Sometime in 2012, when SIM verification became a major issue related to suicide bombings and cyber crimes, PTA passed the buck to Pakistan Mobile Database Company (PMDC), owned by five mobile operators of Pakistan under the aegis of Telcordia Technologies of New Jersey, USA. As it needs two to tango, the spread of millions of illegal SIMs holds these companies culpable and, therefore, last to act for their own indictment.

After having made billions in unchecked sale of SIMs, they now stand absolved. It now remains the headache of intelligence agencies and Federal Investigation Agency (FIA) to track selective criminals.

The situation has now reached wherein the government, its regulating authorities and agencies are reluctant to act; making it fail-safe against misuse, thereby rendering all cellular traffic unsafe from a national security point of view.
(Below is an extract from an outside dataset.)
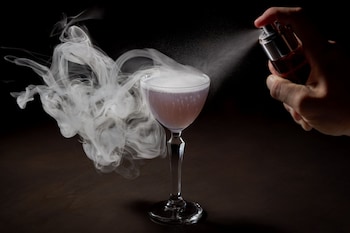 The Ritz-Carlton, Tysons Corner,Grant Road Historic>>Mclean,5 star
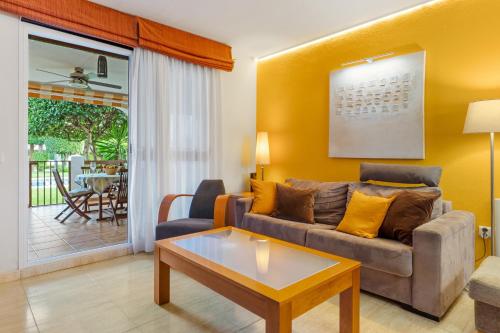 Beautiful Apartment For Families photo 11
Their shortcut solution is the imposition of a total radio silence, akin to killing a fly with a sledge hammer.

In Pakistan, the rise of cellular related crime is directly proportional to the growth of the sector in terms of coverage, SIM density and revenues. The inference, that someone, somewhere turned a blind eye to this relationship cannot be denied. Two rapid assassination attacks on former President Pervez Musharraf had underlined the misuse of this technology in terrorism and needed sharper focus. Yet, the unchecked sale of SIMs without verification of users exploded after 2004.
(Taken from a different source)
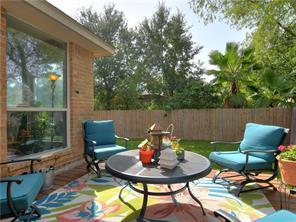 2737 Plantation DR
The introduction of 688 services by the PMDC is a nightmare for any conscientious citizen. Recently, the writer himself became aware of many SIMs issued against his National Identity Card (NIC) and had them blocked. How the culprits got millions of copies of NICs or why cellular companies issued these connections without verification remain a case study. This is a mega scandal in itself and any government worth its salt must pursue it relentlessly.

It is also to question, why the government and service providers treat internet connectivity via CDMA and GSM, post-paid billed connections and post-paid connections in the same stride. Would it not be prudent to just block the pre-paid connections (major culprits) in case of emergencies? Or, should the government not force the cellular companies to segregate the two to ensure uninterrupted communication to its conscientious clients?

Why has Parliament, empowered to enact legislation, PTA and PMDC (a group of offshore cellular services providers headed by Telecodia) not moved to resolve the issue of unverified SIMs is a question that needs investigation? Inaction either individually or in unison is a question that needs attention by Pakistan’s parliamentarians and national security managers?

It is to question, why Telecommunication (Re-Organisation) Act No XVII failed to formulate procedures to prevent misuse and lay down punitive and dissuasive measures?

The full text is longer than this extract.